A tale of hidden incentives
When I started getting contacted about PsychTalk out of the blue by advertisers, I was mildly flattered. The more strangers noticing us, the better! But after a while, I wondered what these ads involved. Upon following up with one suitor, I learned their model was to provide a URL to be linked once within a post on the site for a year. For that small, almost inconspicuous act, I would receive $150 up front. Unlike banner and sidebar ads, it would not be a constant blight on the website. This all sounded easy and easily acceptable until I received the link to the website itself, an online gaming and gambling page. Online gambling in the United States, my country of residence, is mostly illegal. Due to legal uncertainties and reputation issues, Google and Yahoo! have a policy of selectively turning down gambling ads depending on the type of gambling involved, the age of typical visitors to a site, and the country where the ad is displayed. I, on the other hand, am glad to assert free expression under the First Amendment and warn you to either check laws in your country or only play the client’s non-gambling games.
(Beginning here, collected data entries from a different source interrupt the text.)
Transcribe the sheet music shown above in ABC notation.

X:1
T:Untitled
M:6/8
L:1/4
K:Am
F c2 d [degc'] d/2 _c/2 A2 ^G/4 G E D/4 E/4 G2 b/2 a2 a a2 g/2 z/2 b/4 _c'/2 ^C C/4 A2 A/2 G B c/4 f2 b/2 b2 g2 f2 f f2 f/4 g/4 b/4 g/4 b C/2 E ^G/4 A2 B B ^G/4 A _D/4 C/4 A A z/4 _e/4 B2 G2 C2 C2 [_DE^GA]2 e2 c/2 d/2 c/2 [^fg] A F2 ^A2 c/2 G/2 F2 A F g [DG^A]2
This dilemma helps illustrate a broader point that economists and behavioral economists make about incentives: that they are everywhere, powerful and often hidden. Here is a Disney blog slipping in such an ad—would you have caught the hidden ad or realized it was written to make money from your visit? Speaking to the power of incentives, Freakonomics (the book) pointed out that many sumo wrestlers and schoolteachers cheat, especially when the stakes are high, and real estate agents tend to shortchange their customers when there is not enough money in it for them. Disturbingly, people tend to not notice conflicts interest or else they think they are immune to them. Those real estate agents don’t necessarily realize they are not doing the best for their client, and researchers funded by Big Pharma don’t necessarily realize their work is biased. People also respond to incentives of varying intensity: Dan Ariely has found that more people will cheat on a self-scored test if it is shredded first, and they will cheat still more if they pay themselves with tokens to be exchanged for cash. Incentives also need not be money: when an Israeli daycare instituted a penalty fee for late pickups, parents started coming later because they no longer felt embarrassed about it. The shift of reference frame for parents in that study somewhat resembles the logic I would use to defend an ad on my site. (“If I make it transparent, it will cease to be a dirty ad! Just as those daycare parents exchange the honors system for paid service, I can exchange complete purity for honesty.”) As Dan Ariely posits, we all have a “fudge factor,” or a point to which we can breach our usual ethics and still feel we are good people. For the upstanding among us, the extent of the fudge factor is jaywalking, illegal parking and “white lies” once in a while. For the dangerous among us, it is a decades-long Ponzi scheme. I would like to think muddying the site for the price of an eReader makes me more of a jaywalker type. But after all this rumination, where is the ad? It was meant to be here, but the company didn’t like this content. Go figure.
*For many interesting meta-media reports and interviews, check out On The Media. They recently featured Ryan Holiday, who explains “what it is like to bribe the media on behalf of bestselling authors and billion dollar brands” in his book, Trust Me, I’m Lying: Confessions of a Media Manipulator.